After airbags began to be used in cars (years after they were originally invented, and after much better tech had come along to sense collisions and trigger the bags) the car companies were attacked again both in the political real and in the courts, because women and children were being disproportionally killed by airbags (doh!). The auto execs were portrayed as greedy and heartless and incompetent for making systems that were not sufficiently good to adapt to these typically smaller/lighter people, by politicians and lawyers who themselves had never created ANYTHING. As technology advanced, the auto industry was able to add sensors to vehicles to adapt the airbag deployments to the mass of the persons in each seat (something that was essentially impossible early-on). Now they are taking a big hit on the Takata airbags over reliability and injuries and deaths stemming from design/manufacturing issues which were also one of the reasons manufacturers originally opposed airbags (additional liability from adding critical and dangerous extras to the car which could be deadly if imperfectly designed/built).
At every turn in the story, the original position of the auto company execs who resisted putting the things in cars, has been validated. The politicians, lawyers, and journalists who built careers on both sides of the issue (first claiming the car companies were evil for NOT including the bags, and then attacking them for harming people with the bags) never actually did anything productive and difficult themselves. The air bag is a good idea and was a good idea when the auto companies came up with it long ago, but this legal/political/journalistic whiplash is actually a negative thing - it creates an environment where companies are
Instead of putting "AIRBAG" or "SRS" on the steering wheel, they should instead label it "FRONT TOWARD ENEMY."

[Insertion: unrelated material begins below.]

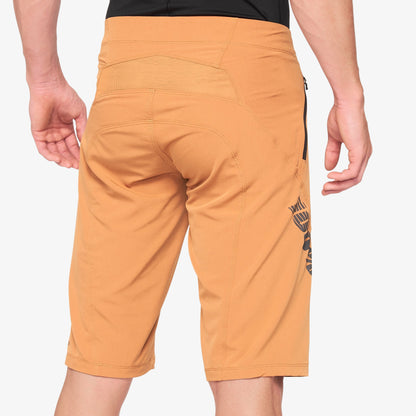 AIRMATIC Shorts Caramel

Oh, no! You have walked into the slavering fangs of a lurking grue!
Clearly these were installed incorrectly by racist men. Everything Japanese is perfectly awesome and awesomely perfect.
I assume Takata will do what Federal Pacific did when it was discovered their residential Stab-Lock circuit breakers were defective (and that they had willfully falsified test reports for years): declare bankruptcy and close up shop, leaving US consumers like me with circuit breakers that do not break (leading to house fires) and now 'safety devices' that can kill you with shrapnel.

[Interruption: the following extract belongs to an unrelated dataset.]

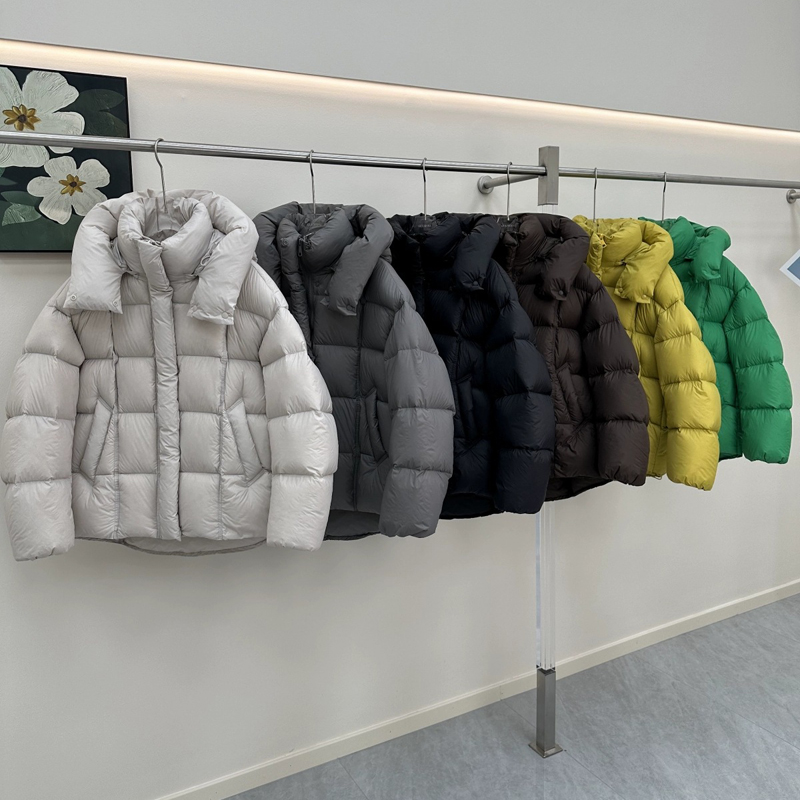 Duck down hooded puff-style down jacket for women new winter 2025 style oversized loose fit thickened puffer jacket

The Miracle of the Marketplace, indeed.
this is the inverse (contrapositive? i didn't pay that much attention in logic101;-) of one of stan mott's cartoons in car&driver waaaay back when...in addition to his brilliant cyclops series (recently introduced as the tata nano https://www.carthrottle.com/po... ;-) he mocked safety regs with a cartoon of ppl driving around in federal safety tanks ramming anyone who got in their way;-}
http://www.deansgarage.com/201...
http://www.darkroastedblend.co...
That the report you cite covers the mid to late 1990s and not the 1960s or 1970s when the airbag tech was truly not ready or the 1980s when it was still not really ready.

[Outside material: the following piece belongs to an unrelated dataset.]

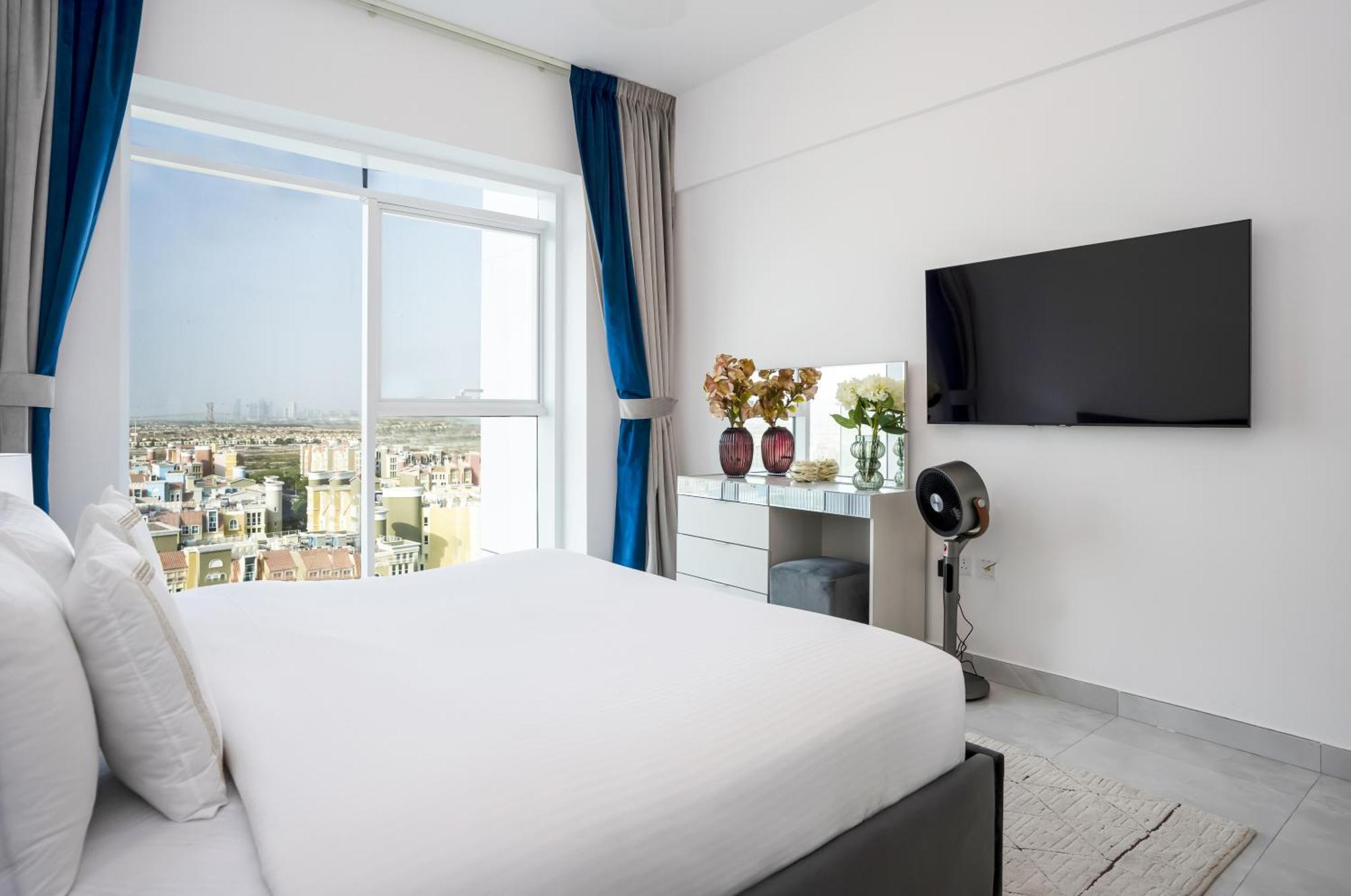 Homesgetaway -spacious 1br In Pearlz By Danube Dubai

If some new government-mandated safety tech is anything less that completely reliable after decades, then there's more at work than just greedy execs. Sometimes the tech itself is not ready. Sometimes the basic tech is ready but the manufacturing capability is not yet up to speed (i.e. process controls, tolerances, consistency, etc still lacking). As with most technology, and contrary to what lawyers,journalists, and politicians may say, it's usually multiple problems that pile up that lead to a disaster and not some simple thing like a greed-head CEO (of which there are plenty in all industries without daily disasters in all industries).